I was introduced to the writing of C.S. Lewis when I was a junior in college. His work has since profoundly influenced my faith in Christ, perhaps more so than anyone else.
Mere Christianity captured my mind and invited me to think reasonably about what I believe. The Chronicles of Narnia captured my heart and drew me to a deeper love for Christ. The Weight of Glory compelled me to consider the responsibility I have to others in encouraging their spiritual maturity. The Screwtape Letters unveiled the subtly and horror of spiritual warfare. A Grief Observed taught me to pray raw and honest prayers to a God who can handle my brokenness and even my anger and disappointment at a broken world.
Lewis is, undoubtedly, one of my heroes in the faith.
I never got to meet Lewis. He passed away decades before I was born.
But, I got to meet another hero of mine while I was in England last month.
You've probably never heard of him.
His name is Walter Hooper.
Hooper was Lewis’s secretary the last year of his life.
The publishing company that put out Lewis’ books was planning to pull them from print, as was, at the time, common practice when an author passed away. Hooper, a native of North Carolina, resolved to stay in England and dedicated himself to keeping the legacy of Lewis alive. He fought to keep Lewis’ writing in print and he succeeded. He also compiled and published thousands of letters written by Lewis.

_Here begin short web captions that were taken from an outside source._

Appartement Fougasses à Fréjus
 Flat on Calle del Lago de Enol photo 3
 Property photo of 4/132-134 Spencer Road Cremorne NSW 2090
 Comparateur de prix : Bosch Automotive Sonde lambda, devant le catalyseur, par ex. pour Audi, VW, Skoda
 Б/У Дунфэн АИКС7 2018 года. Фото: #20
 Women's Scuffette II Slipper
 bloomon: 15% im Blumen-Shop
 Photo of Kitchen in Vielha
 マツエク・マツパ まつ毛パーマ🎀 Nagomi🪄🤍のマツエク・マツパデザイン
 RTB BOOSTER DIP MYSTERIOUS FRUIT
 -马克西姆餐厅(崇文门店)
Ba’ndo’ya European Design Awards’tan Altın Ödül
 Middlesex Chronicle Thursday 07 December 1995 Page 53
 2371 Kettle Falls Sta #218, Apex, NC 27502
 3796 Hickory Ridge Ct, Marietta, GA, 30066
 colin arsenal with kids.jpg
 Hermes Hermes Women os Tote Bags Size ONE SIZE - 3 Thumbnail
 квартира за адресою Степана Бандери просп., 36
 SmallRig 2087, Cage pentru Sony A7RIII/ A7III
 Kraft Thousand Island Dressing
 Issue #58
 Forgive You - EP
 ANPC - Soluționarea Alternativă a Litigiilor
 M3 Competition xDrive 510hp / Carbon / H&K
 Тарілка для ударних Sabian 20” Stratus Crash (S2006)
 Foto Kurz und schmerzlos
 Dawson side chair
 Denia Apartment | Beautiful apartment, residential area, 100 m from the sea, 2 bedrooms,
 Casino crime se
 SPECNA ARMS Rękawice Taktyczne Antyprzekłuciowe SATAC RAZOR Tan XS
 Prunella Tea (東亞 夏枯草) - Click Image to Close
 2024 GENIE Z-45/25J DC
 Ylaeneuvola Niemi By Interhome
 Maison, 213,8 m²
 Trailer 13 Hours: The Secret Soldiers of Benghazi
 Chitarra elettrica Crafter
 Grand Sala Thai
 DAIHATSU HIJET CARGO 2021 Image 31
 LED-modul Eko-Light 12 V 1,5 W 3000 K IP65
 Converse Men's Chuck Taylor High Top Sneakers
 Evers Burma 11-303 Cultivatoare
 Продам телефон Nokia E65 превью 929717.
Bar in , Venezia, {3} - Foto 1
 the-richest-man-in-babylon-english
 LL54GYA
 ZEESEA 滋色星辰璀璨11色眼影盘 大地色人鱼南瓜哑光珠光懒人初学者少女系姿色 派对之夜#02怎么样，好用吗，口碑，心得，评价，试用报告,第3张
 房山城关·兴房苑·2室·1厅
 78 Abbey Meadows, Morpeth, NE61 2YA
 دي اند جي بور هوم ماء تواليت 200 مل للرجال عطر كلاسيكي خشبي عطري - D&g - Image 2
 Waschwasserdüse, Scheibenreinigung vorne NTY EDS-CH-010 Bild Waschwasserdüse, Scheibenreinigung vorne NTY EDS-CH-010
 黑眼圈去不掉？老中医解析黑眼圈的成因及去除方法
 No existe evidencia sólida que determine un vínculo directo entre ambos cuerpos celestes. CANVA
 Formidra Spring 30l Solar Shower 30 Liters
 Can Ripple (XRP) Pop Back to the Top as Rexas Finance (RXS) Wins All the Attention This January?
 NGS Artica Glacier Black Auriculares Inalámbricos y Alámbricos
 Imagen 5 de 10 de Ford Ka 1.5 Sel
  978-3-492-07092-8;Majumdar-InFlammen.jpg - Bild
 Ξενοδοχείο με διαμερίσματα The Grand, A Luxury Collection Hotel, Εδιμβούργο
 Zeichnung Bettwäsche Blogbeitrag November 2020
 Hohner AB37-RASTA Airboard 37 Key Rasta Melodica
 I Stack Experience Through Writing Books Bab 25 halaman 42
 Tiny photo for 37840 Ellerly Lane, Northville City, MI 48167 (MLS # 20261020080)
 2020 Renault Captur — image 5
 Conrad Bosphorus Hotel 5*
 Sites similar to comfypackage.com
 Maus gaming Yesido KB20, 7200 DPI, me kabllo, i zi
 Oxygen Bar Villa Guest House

It’s not a stretch to suggest that if we didn’t have Hooper, we wouldn’t have Lewis. That is, he would not be as widely known, read, or regarded as he is today.
It’s tempting to envy how God has gifted another. It’s tempting to become discontent in how God has gifted us. It’s tempting to succumb to the notion that those who receive recognition and acclamation for their influence, like Lewis, are the ones who are really making a difference in the world.
But, we need those able to stand on the stage and those able to build the stage.
For the Christian community to function as it was intended, we need everyone pursuing a unified purpose by way of their distinct giftedness. We are not to compete with one another, but complement one another.
Lewis used his gifts, and Hooper used his. God is still using Lewis to change hearts and minds. God used Hooper to make such change possible.
That’s why Walter Hooper is also, though for different reasons, my hero and why it was such an honor to meet him. I owe him a debt of gratitude for humbly using his gifts so that another could use theirs.